There are three core ‘Ego Traps’ many technology companies fall into – they also happen to be the three core principles that make GRAX unique:
1. Data Lock In – the dirty little secret in so many tech companies is that they hold your data hostage in order to lock you into their platform. There are arbitrary API restrictions or other tricks that force you to bias toward using the vendor’s platform. And while they may say otherwise, the real reason they do this is to take ownership of your data and to use it to lock you into their service – it’s an ego trap because it’s all about insecurity – they are insecure about the stickiness of their service and are afraid of losing you as a customer. Customers lose control of that data, pass it along to 3rd party clouds (say, a cloud-based backup tool), and at the end of the day, force you and your organization to learn yet another application.
*I should note that a number of Tier 1 vendors are starting to offer data portability – Salesforce.com is one example.

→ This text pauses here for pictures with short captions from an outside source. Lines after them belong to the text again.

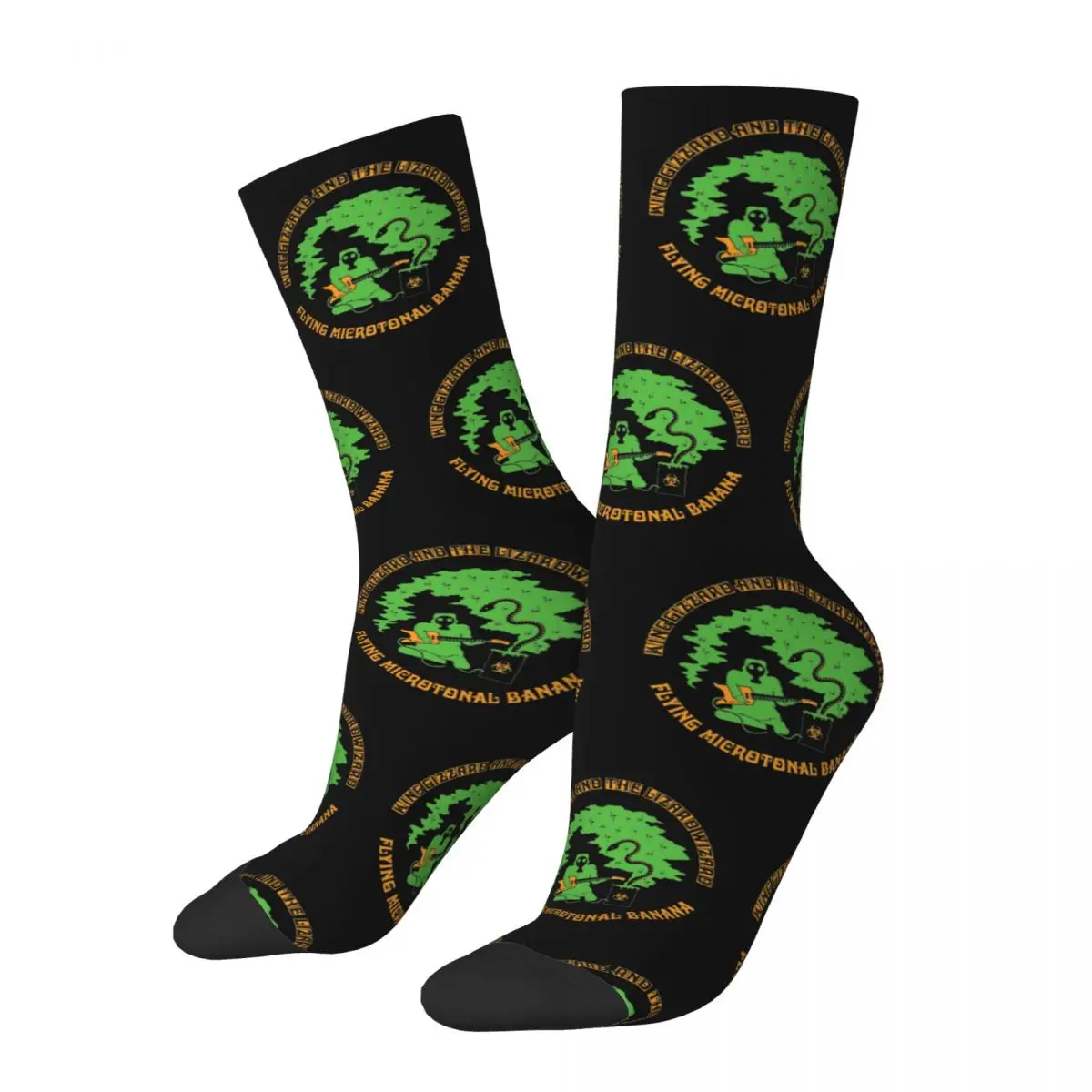 

King Gizzard And The Lizard Wizard- FMB Rock Band Socks Accessories For Men Women Soccer Socks Cute Best Gift Idea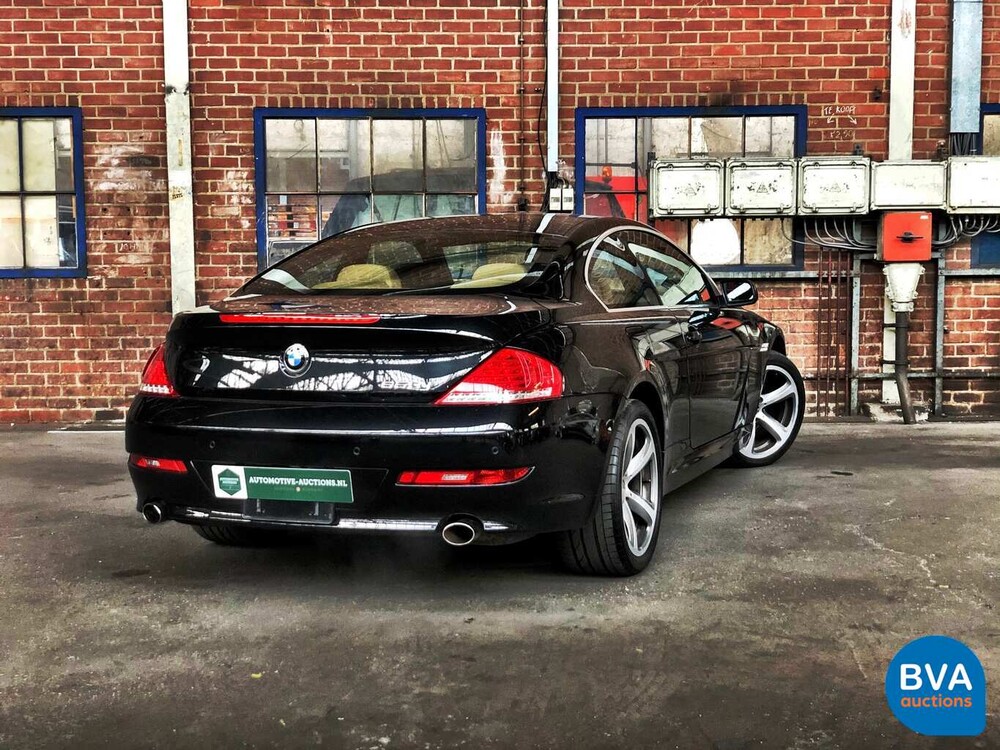 BMW 650i Coupe 4.8 V8 367pk E63 2009 HUD Nightvision 2009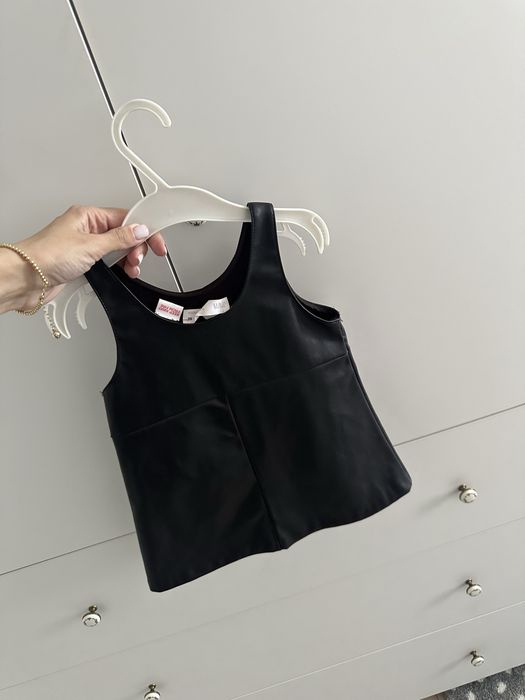 Rochita sarafan piele Zara 12-18 luni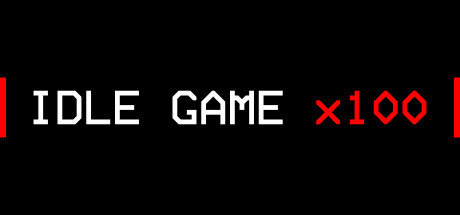 Key art for Idle Game x100
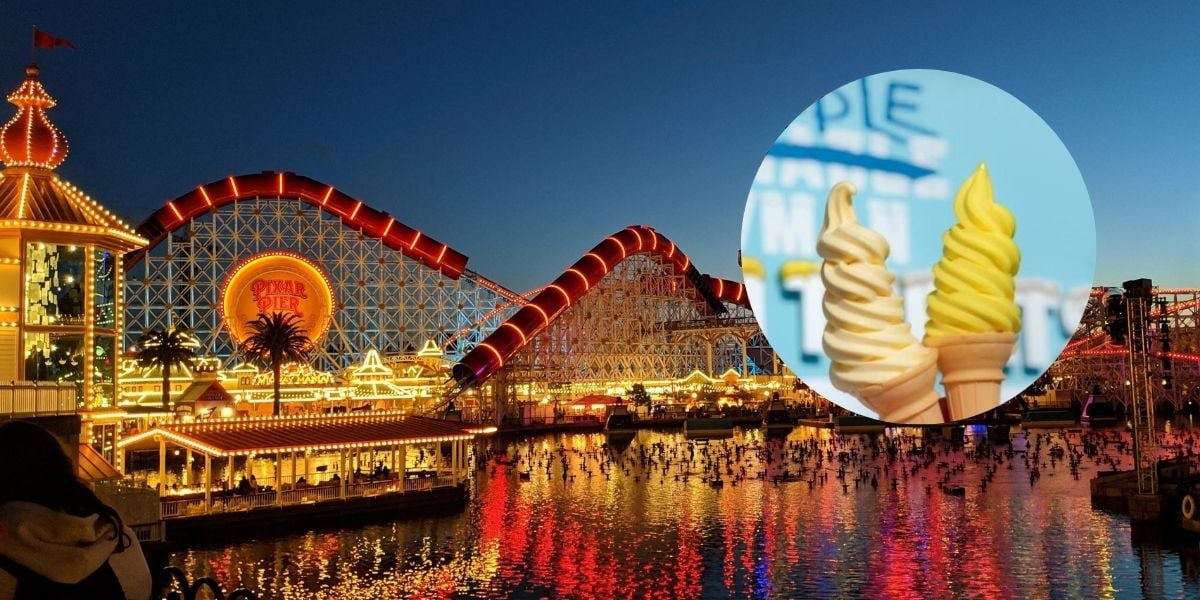 Disney California Adventure with an insert from Adorable Snowman Frosted Treats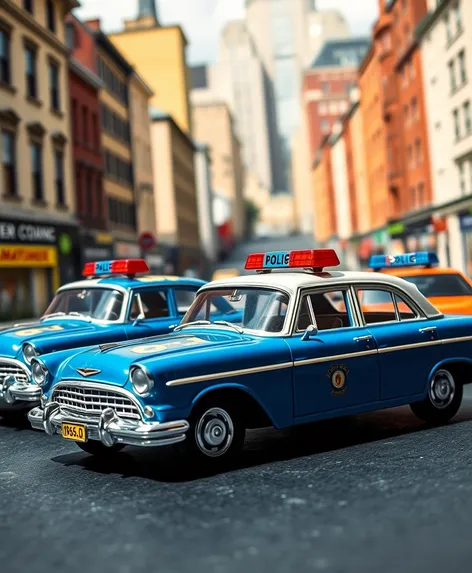 matchbox police cars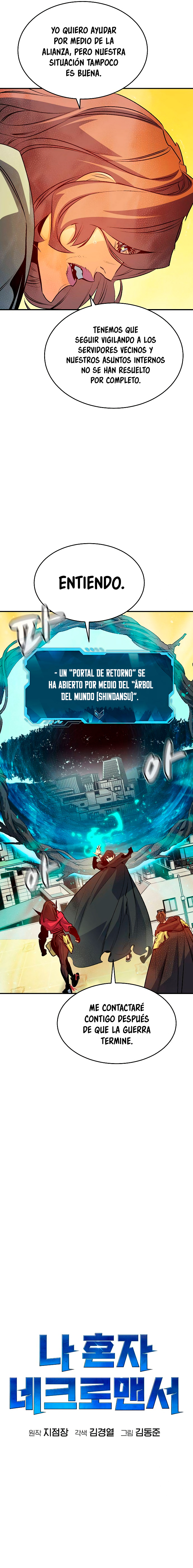 Nigromante en Solitario Capitulo 162 página 16
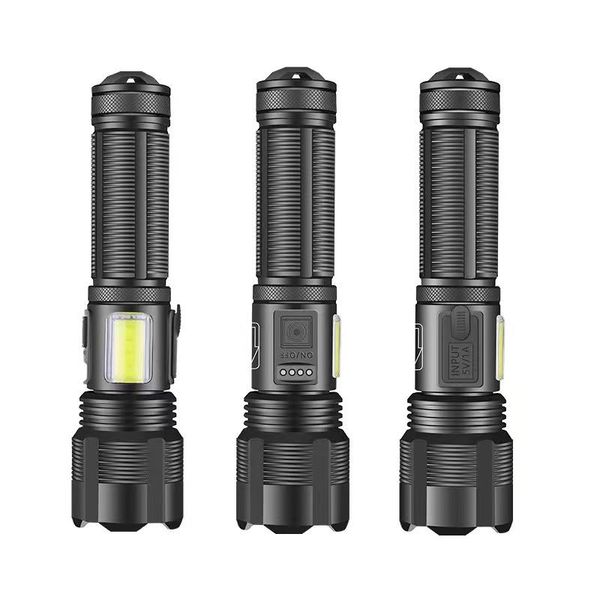 The best-selling high brightness handheld compact outdoor waterproof USB-C rechargeable flashlight
The best-selling high brightness handheld compact outdoor waterproof USB-C rechargeable flashlight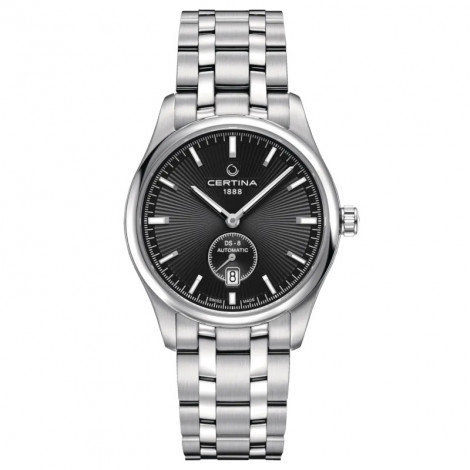 Szwajcarski klasyczny zegarek męski CERTINA DS-8 C033.428.11.051.00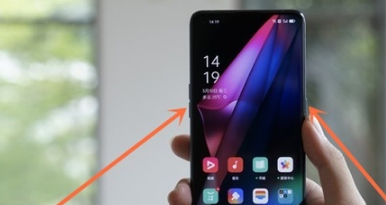 opporeno7如何截屏。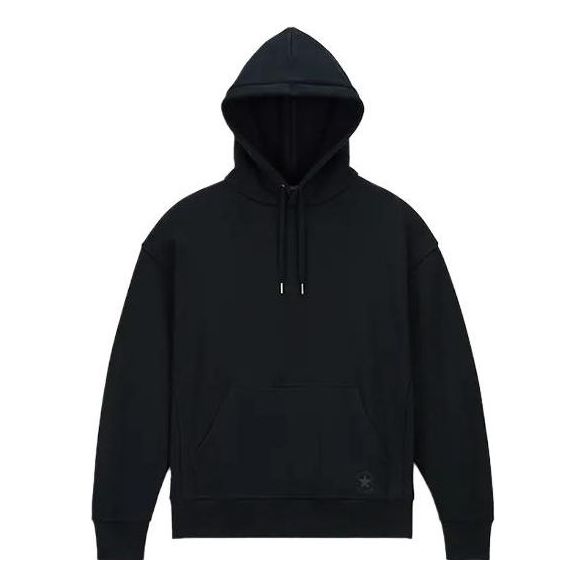 Dukserice Converse Gold Standard Loose-Fit Pullover Hoodie Crna | 10025917-A01, 0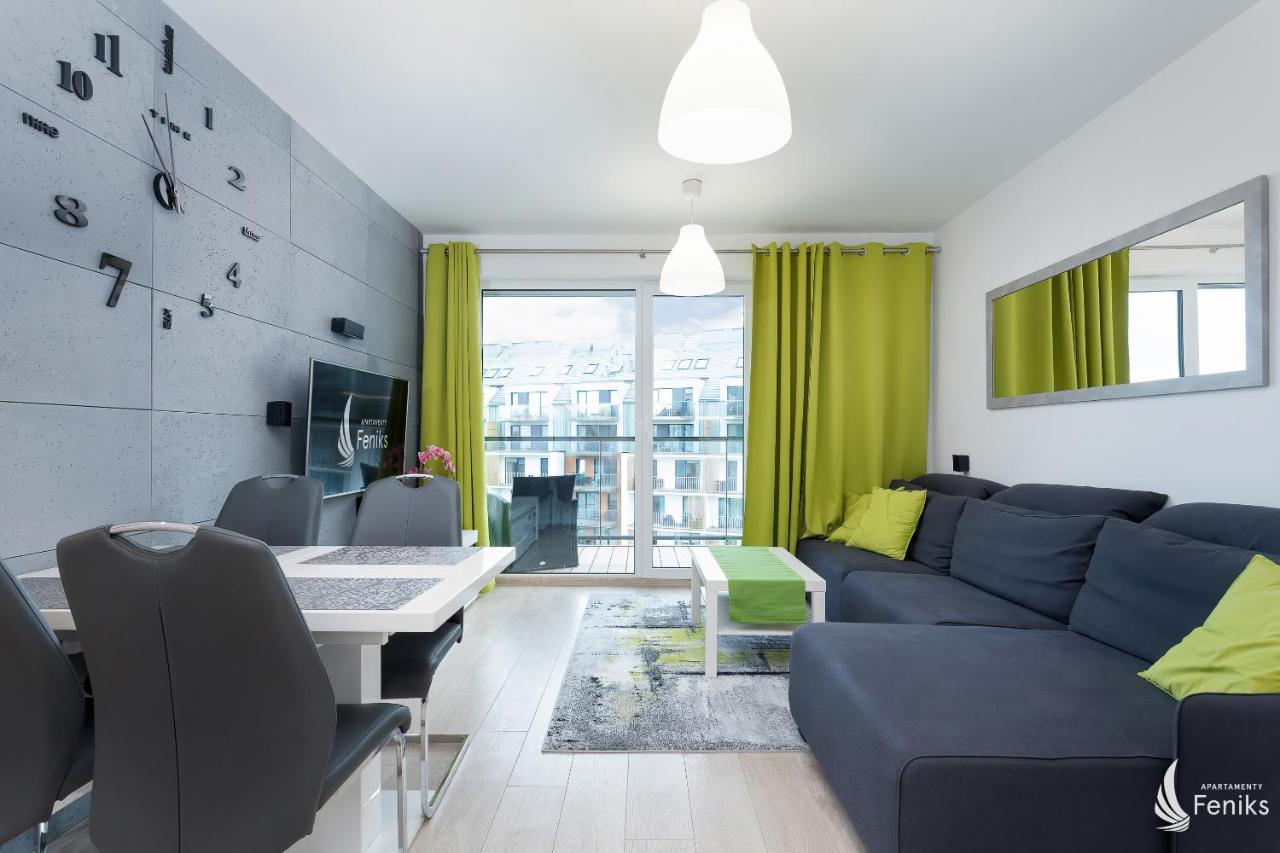 Feniks Apartamenty 8 By Jantar Apartamenty كولوبرزيغ المظهر الخارجي الصورة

2. Historical Blindness – If you believe in the basic premise that analyzing changes over time holds the key to understanding cause and effect mechanisms in your business, then logically the more data you can capture, the more impactful your decisions will be (broader correlational dataset). Most SaaS tools undervalue historical data, offering limited time-based data capture and reporting – this only perpetuates the myth that “past performance is not an indication of future results.” The truth is that most SaaS solutions only capture 1% of historical data; and then wonder why they can’t make accurate predictions about pipeline velocity or customer renewal rates. The ego trap of data capture is a lack of vision – historical data is seen as a “check-the-box” compliance issue as opposed to a predictor of new growth opportunities emerging in the business.
3. Login Paranoia – Just about every SaaS tool is afraid of being ‘baked into” other solutions – if everything can be done outside of our tool, why would anyone login? Yet the unspoken truth is that customers would simply prefer to keep using the same tools they already know and love… and simply be able to do more with them. The ego trap here is the paranoia that SaaS tools need to keep their customers addicted to logging into their service. This silos functionality, imposes arbitrary restrictions (structural lock-in), and creates sub-optimal user experiences. All in the name of login paranoia.
GRAX doesn’t have any of the “ego traps” above – we’ve built the platform that we (as a customer) would have loved to use. We’re calling it a Data Value Platform, and we’re going to use it to help companies adapt faster.